L’indice di rischio a 2,4 e i dubbi sul via libera ai viaggi fuori regione
Restano potenzialmente infettivi 25 abitanti su 10 mila, la media italiana è 9,2. Ecco perché il trend positivo degli ultimi giorni non rassicura del tutto gli scienziati
MILANO Siamo tempestati di dati su contagi e guariti, percentuali di positivi e tamponi eseguiti, velocità di diffusione del virus con l’r0 e l’rt, andamento di curve epidemiologiche.
Di numeri incoraggianti per la Lombardia, e ben evidenziati nei bollettini quotidiani, ce ne sono diversi. L’incremento dei nuovi casi oggi avanza percentualmente sotto l’1% contro le punte del 30% di marzo, quando si sono registrati fino a 3.200 nuovi casi in un giorno (l’indice è sceso stabilmente sotto il 10% a fine marzo, e poi al 2-3% ad aprile). I nuovi ricoveri sono inferiori ai dimessi ormai dal 6 aprile (nell’ultima settimana viaggiano intorno al meno 1%), lo stesso avviene per le Terapie intensive (meno 5%). E anche il presidente dell’istituto superiore di Sanità Silvio Brusaferro è stato ottimista: «Netto trend in calo, segnale positivo» (l’ultimo Rt è 0,5). Sono dati importanti per sapere che il virus è sotto controllo e che non c’è più il rischio di default del sistema ospedaliero: se ci ammaliamo, in ospedale troviamo posto senza problemi.

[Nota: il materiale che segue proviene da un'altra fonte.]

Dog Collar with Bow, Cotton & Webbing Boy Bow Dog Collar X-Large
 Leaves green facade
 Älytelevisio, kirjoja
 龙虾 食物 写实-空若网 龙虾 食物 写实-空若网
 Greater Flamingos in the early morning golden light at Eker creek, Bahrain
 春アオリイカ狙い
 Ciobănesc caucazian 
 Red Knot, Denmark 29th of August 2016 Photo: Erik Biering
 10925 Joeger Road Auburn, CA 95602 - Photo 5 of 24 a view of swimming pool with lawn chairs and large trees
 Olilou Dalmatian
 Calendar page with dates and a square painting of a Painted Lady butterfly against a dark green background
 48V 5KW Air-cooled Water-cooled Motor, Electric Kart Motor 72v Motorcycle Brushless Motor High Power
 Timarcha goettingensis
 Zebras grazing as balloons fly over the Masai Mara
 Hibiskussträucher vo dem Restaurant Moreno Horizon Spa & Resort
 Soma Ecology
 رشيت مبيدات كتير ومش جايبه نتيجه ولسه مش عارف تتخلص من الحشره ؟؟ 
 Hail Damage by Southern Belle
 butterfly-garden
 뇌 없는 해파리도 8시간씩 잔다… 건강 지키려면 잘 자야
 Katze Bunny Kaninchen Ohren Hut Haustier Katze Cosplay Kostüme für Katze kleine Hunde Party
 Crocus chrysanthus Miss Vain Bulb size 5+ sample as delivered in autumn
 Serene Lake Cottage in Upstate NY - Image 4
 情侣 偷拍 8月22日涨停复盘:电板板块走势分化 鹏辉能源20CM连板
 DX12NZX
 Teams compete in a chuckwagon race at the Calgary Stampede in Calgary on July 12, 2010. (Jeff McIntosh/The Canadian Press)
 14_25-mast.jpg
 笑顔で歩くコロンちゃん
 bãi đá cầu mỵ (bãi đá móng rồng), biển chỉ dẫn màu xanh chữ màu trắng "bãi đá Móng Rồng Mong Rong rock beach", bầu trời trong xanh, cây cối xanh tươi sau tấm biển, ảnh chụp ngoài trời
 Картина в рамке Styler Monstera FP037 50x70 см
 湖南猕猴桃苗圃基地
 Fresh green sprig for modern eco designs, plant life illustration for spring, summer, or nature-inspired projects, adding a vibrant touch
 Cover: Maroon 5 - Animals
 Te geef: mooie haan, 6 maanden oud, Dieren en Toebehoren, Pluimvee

Ma per decidere il «liberi tutti» sugli spostamenti può non bastare. I numeri della Lombardia che preoccupano sono quelli meno noti. Per capire perché è in ballo l’ipotesi che i suoi confini possano non essere riaperti dal 3 giugno — opzione che si spera di scongiurare — bisogna allora fare ancora uno sforzo. E guardare quelli che in gergo chiamano indice di rischio netto e indice di rischio potenziale. Sono rispettivamente i «nuovi contagi settimanali» e il «numero di malati complessivi» rispetto alla popolazione (su 10 mila abitanti). È anche su questi parametri che deve essere concentrata l’attenzione degli esperti per decidere il via libera ai movimenti extraregionali. Lo spiega l’epidemiologo Vittorio Demicheli che fa parte della cabina di regia del ministero della Salute in rappresentanza delle Regioni: «In base all’ultimo monitoraggio della scorsa settimana, la Lombardia ha 2,4 nuovi contagi a settimana ogni 10 mila abitanti. Il Veneto e la Toscana sono a 0,4, Sardegna e Sicilia a 0,1. In sintesi vuole dire che, vivendo in Lombardia, il rischio di sviluppare la malattia nel corso di una settimana è pari a 2,4 casi ogni 10 mila abitanti». In assoluto, inoltre, visti i 24.477 malati attuali (di ieri il calo più importante, meno 700), sono presenti e ancora potenzialmente infettivi 24 soggetti ogni 10 mila abitanti (erano 25 fino a lunedì), contro la media italiana del 9,2. «Sono dati che non possono essere ignorati e consigliano prudenza — sottolinea Demicheli —. In percentuale sulla popolazione le persone potenzialmente contagiose hanno ancora numeri significativi». È uno dei motivi per cui, come anticipato ieri dal Corriere, se dovessero esserci punti «critici» è possibile che si decida di ritardare l’apertura dei confini della Lombardia per una settimana o due. Insomma: solo con gli ultimi aggiornamenti di venerdì sapremo se i dati incoraggianti saranno considerati sufficienti per riaprire la regione più colpita dall’epidemia.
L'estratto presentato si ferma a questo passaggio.